But again, even if it should be assumed ex gratia, that the contracts sued on gave the vendee a mere option to select and did not require him so to do, yet it must be conceded that after July, 1900, sometime before the defendant repudiated the contract, when he made a selection or specification of cans to be delivered, the contracts become complete. The testimony of the bookkeeper of the defendant is that in July the defendant told the plaintiff that from that time on all he would need would be extra peach hole cans, but that possibly he might use a few of the two-pound extra peach hole and the testimony of the defendant was to the same effect. And further that the plaintiff replied that it was all right and that he should have them. This, we think, was substantially an exercise of the power of selection. In Dambmann Bros. & Co. v. Lorentz & Rittler, 70 Md. 382, the well settled principle is recognized and applied — that an agreement may be so framed as to leave one party an option and thus impose no obligation on the other party until the option is exercised so as to create an obligation.” But when the notice is given and the option exercised a binding obligation is imposed on both parties — on the part of the vendor to sell and deliver and on the part of the vendee to accept and pay the stipulated price. Dambmann Bros. v. Lorentz & Rittler, supra.

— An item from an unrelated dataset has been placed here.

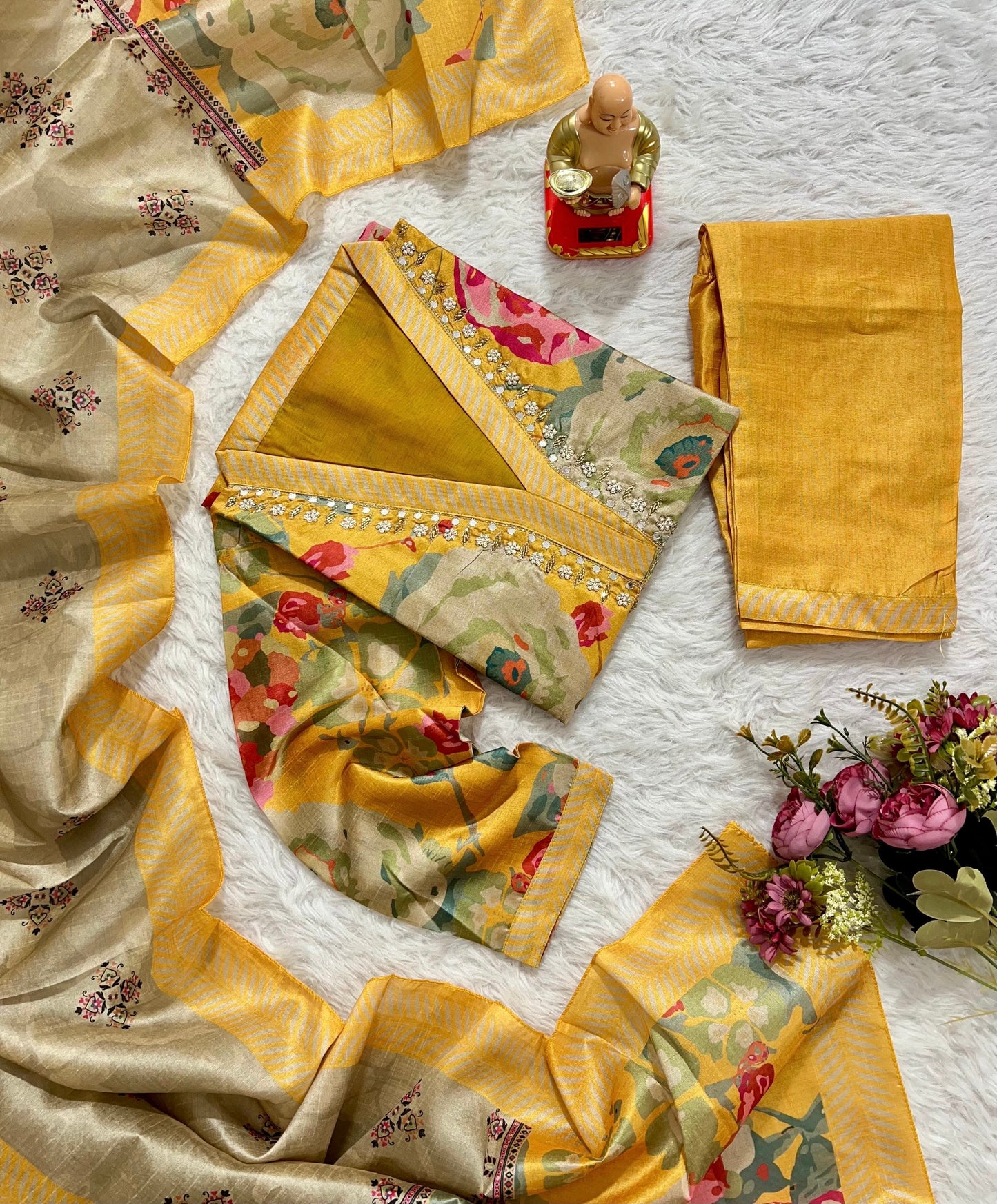 Plus Size Handwork Kurti Pant Dupatta Set for Women in Jarna Silk – Printed Dupatta – 4XL to 7XL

As we have already said the propositions of law contained in the plaintiff’s prayers do not appear to have been passed upon but they were refused on the sole ground that there was no cause of action, the contract sued on not being complete. Nor were they discussed at the hearing nor in the brief of the appellee. We have not examined them critically but all of them, including the third which instructs the jury in regard to the proper measure of damages, appear to announce substantially correct principles of law.

The granting of the defendant’s first prayer and the rejection of plaintffs’ prayers constitute errors by reason of which the judgment must be reversed.

Judgment reversed and new trial awarded.